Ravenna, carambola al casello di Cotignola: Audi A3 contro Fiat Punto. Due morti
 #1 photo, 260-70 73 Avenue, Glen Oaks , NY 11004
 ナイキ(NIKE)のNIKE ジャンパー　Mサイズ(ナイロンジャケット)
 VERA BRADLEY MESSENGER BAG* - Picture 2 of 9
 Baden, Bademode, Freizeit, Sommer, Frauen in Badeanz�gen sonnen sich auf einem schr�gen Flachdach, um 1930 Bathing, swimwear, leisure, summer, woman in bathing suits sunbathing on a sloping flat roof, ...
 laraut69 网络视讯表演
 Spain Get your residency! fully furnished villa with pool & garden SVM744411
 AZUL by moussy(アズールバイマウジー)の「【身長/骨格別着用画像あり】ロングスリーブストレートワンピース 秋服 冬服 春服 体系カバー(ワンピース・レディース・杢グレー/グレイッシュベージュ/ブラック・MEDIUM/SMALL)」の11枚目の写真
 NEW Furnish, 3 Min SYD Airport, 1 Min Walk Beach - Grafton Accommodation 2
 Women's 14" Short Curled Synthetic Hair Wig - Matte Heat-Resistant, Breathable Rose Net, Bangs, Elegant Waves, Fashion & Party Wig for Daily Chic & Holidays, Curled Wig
========
What you should do: Only the lines from the one that contains "laraut69 网络视讯表演" to the end of the entries above should be given again, exactly and in full.

Answer to the problem:
 laraut69 网络视讯表演
 Spain Get your residency! fully furnished villa with pool & garden SVM744411
 AZUL by moussy(アズールバイマウジー)の「【身長/骨格別着用画像あり】ロングスリーブストレートワンピース 秋服 冬服 春服 体系カバー(ワンピース・レディース・杢グレー/グレイッシュベージュ/ブラック・MEDIUM/SMALL)」の11枚目の写真
 NEW Furnish, 3 Min SYD Airport, 1 Min Walk Beach - Grafton Accommodation 2
 Women's 14" Short Curled Synthetic Hair Wig - Matte Heat-Resistant, Breathable Rose Net, Bangs, Elegant Waves, Fashion & Party Wig for Daily Chic & Holidays, Curled Wig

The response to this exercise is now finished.